Task: Pictures aside, reproduce exactly and only the lines from the one containing "Toughened 60cm x" through the end of the records.

Segment Open

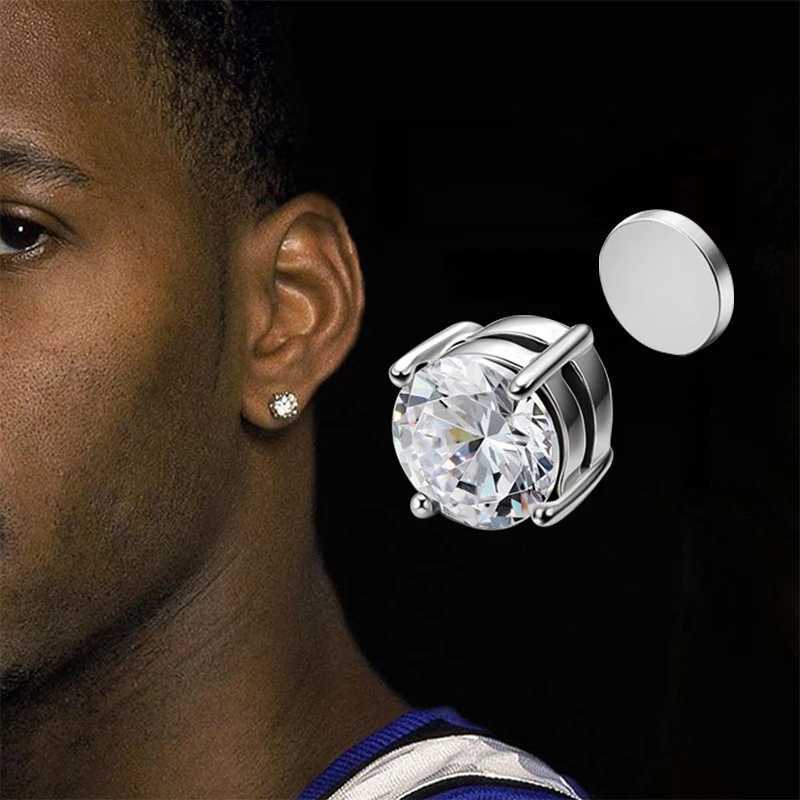 Crystal Strong Magnetic Earnail Clip Earrings Suitable for Men and Women Punk Round Zircon Magnetic Earrings Non Perforated Jewelry W241017
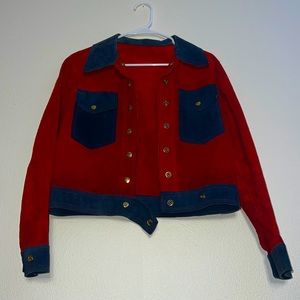 Vintage Red and Blue REAL Leather and Suede Jacket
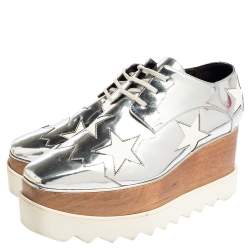 Pre Owned Stella McCartney Silver Faux Patent and Leather Elyse Star Platform Lace Up Sneakers Size 37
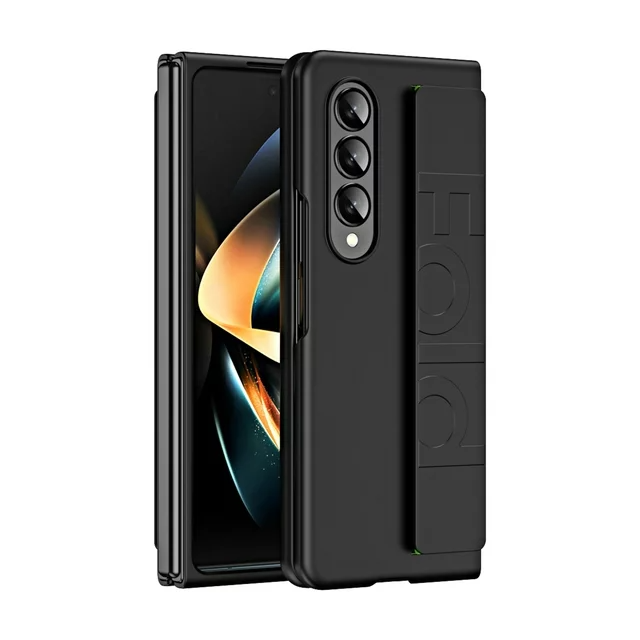 Samsung Galaxy Z Fold 3 Hand Strap Full Protective Hard PC Case- Black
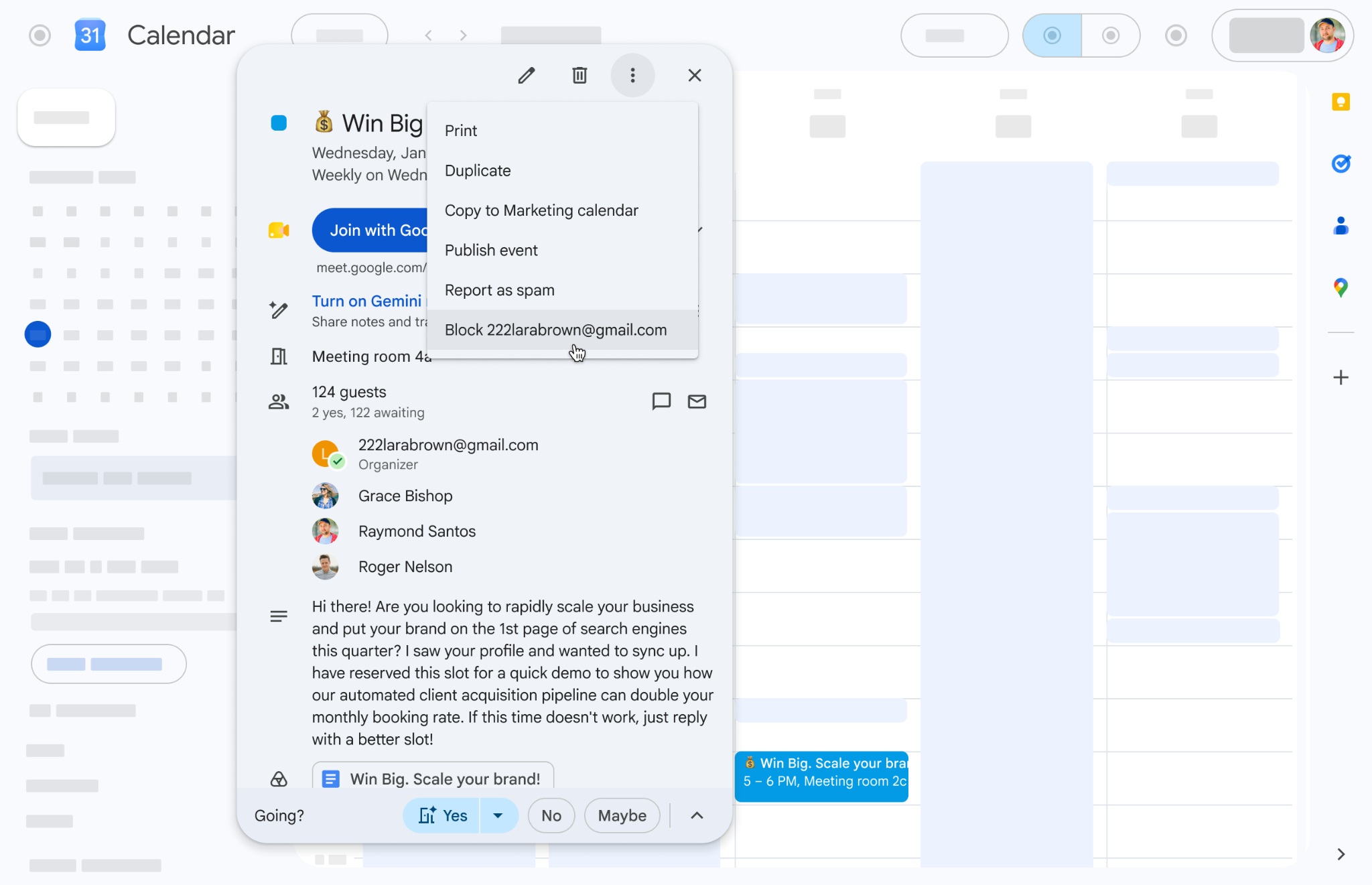 Google Calendar blocco utenti-1
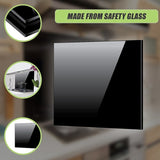 Toughened 60cm x 70cm Black Glass Kitchen Splashback V63-800197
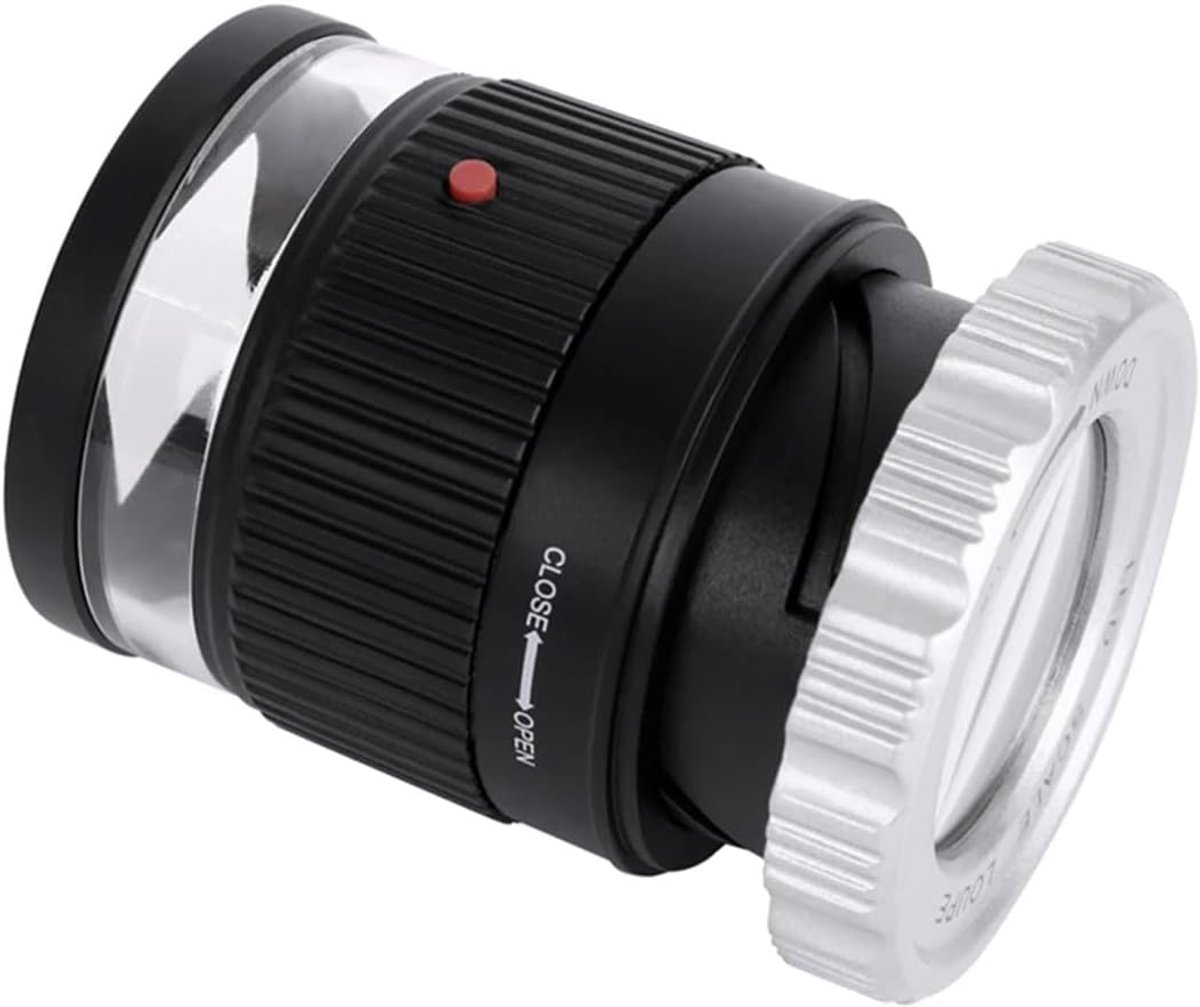 Zwarte LED-vergrootglas 10x, handvergrootglas voor sieraden, kruissteekvergrootglas met paars licht, focusseerbare doeklens, cilindrische schaalverdeling voor het meten van textiel en het identificeren van postzegels.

Segment Closed

Result:
 Toughened 60cm x 70cm Black Glass Kitchen Splashback V63-800197
 Zwarte LED-vergrootglas 10x, handvergrootglas voor sieraden, kruissteekvergrootglas met paars licht, focusseerbare doeklens, cilindrische schaalverdeling voor het meten van textiel en het identificeren van postzegels.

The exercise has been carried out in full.